Engineer – Machine learning model predicts mortality risk for individual heart surgery patients

Machine Learning


Mortality risk for individual cardiac surgery patients can be predicted using a machine learning-based model developed by researchers at Mount Sinai Hospital in New York.

This new data-driven algorithm builds on a stockpile of electronic health records (EHRs) and is said to be the first institution-specific model for assessing risk in cardiac patients before surgery. , which allows healthcare providers to pursue the best possible treatment. Adapt actions to the individual patient. For more information on team work, Open Journal of Thoracic and Cardiovascular Surgery (JTCVS).

“Standard-of-care risk models in use today are limited by their applicability to certain types of surgery, excluding a significant number of patients undergoing complex or combination surgeries for which models do not exist. said lead author Dr. Ravi Iyengar in the paper. statement. “Our team is the first to demonstrate how an individual hospital can build its own risk model for post-cardiac surgery mortality using a rigorous combination of electronic medical record data and machine learning techniques.”

Predictive models based on machine learning algorithms have been generated across different areas of medicine, and some predictive models have shown improved results over their standard-of-care counterparts.

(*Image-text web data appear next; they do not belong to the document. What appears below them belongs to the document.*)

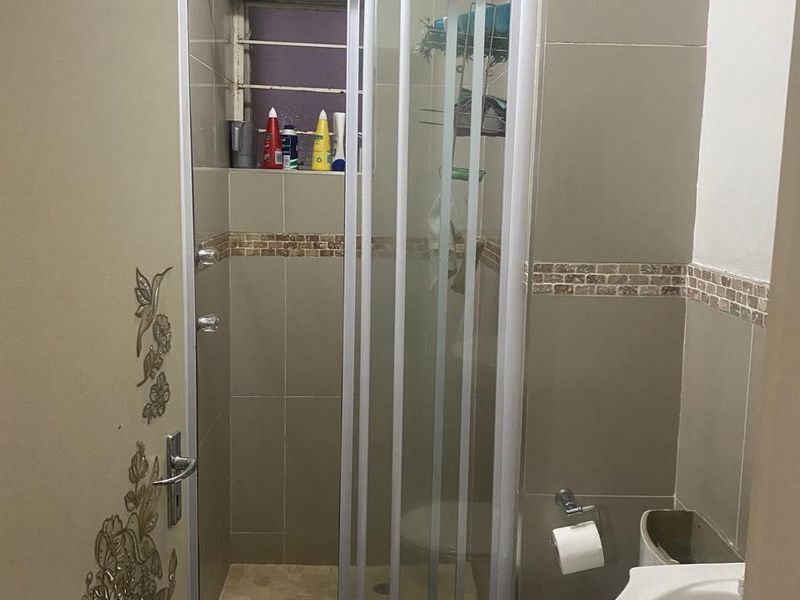 A compact bathroom featuring a shower enclosure, pedestal basin, and toilet with neutral wall tiling and a small window for ventilation.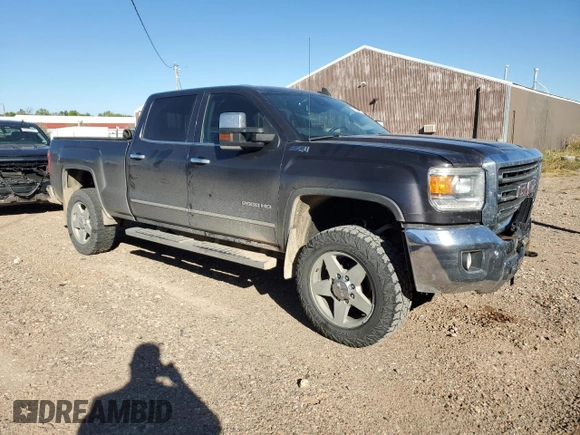2015 GMC Sierra 2500HD SLT with VIN 1GT12ZEG8FF552439, listed as a Copart auction lot 72850724 with 147,888 mi miles and Salvage title. Bid and sale history available at DreamBid. Image 4.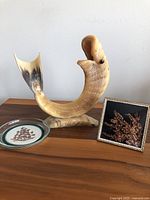 Three items displayed on wooden surface: handcrafted glass coaster with Heather, vintage Heather sprig frame, bone carved fish figurine.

In cardiac surgery, the Society of Thoracic Surgeons (STS) risk score is considered the gold standard and is routinely used to assess surgical risk in cardiac surgery patients. While these continue to provide important benchmarks for hospitals to assess and improve their performance, they are based on population-level data, requiring customized preoperative assessments and complex surgeries. It may not be possible to accurately predict risk for certain patients with complex medical conditions.

Medical and healthcare details

Cardiovascular surgeons and data science experts at Mount Sinai Hospital from their own institution under the supervision of Dr. Gauraf Pandey, co-senior author and Associate Professor of Genetics and Genomic Sciences at Icahn Mount Sinai. A machine learning-based model using the EHR data of provides an effective solution.

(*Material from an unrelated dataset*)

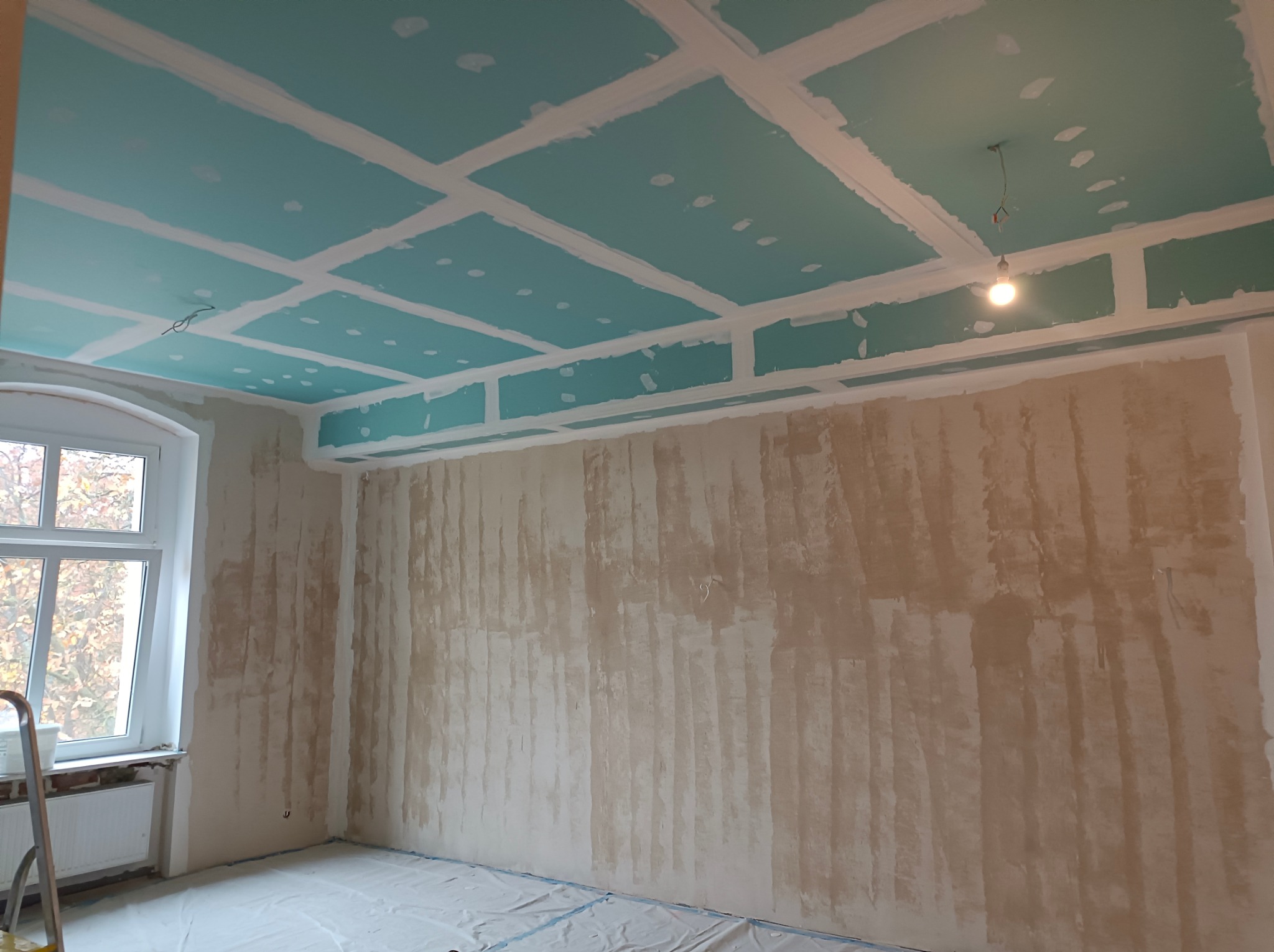 Wnętrze w trakcie prac: sufit z płyt g-k w kolorze turkusowym, białe listwy, surowe ściany przygotowane do malowania, okno z widokiem na drzewa, podłoga zabezpieczona folią.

To this end, they created a rigorous machine learning framework using regularly collected EHR data to develop a hospital-specific postoperative mortality risk prediction model for each patient. Did. It incorporates important information about the Mount Sinai patient population, including demographics and socioeconomic data. Factors and health features.

According to Mount Sinai, this contrasts with population-derived models like the STS, which are based on data from diverse healthcare systems across the United States. Further driving the performance of this technique was an open-source prediction algorithm called XGBoost. The algorithm builds a series of decision trees that progressively focus on less predictable subsets of the training data.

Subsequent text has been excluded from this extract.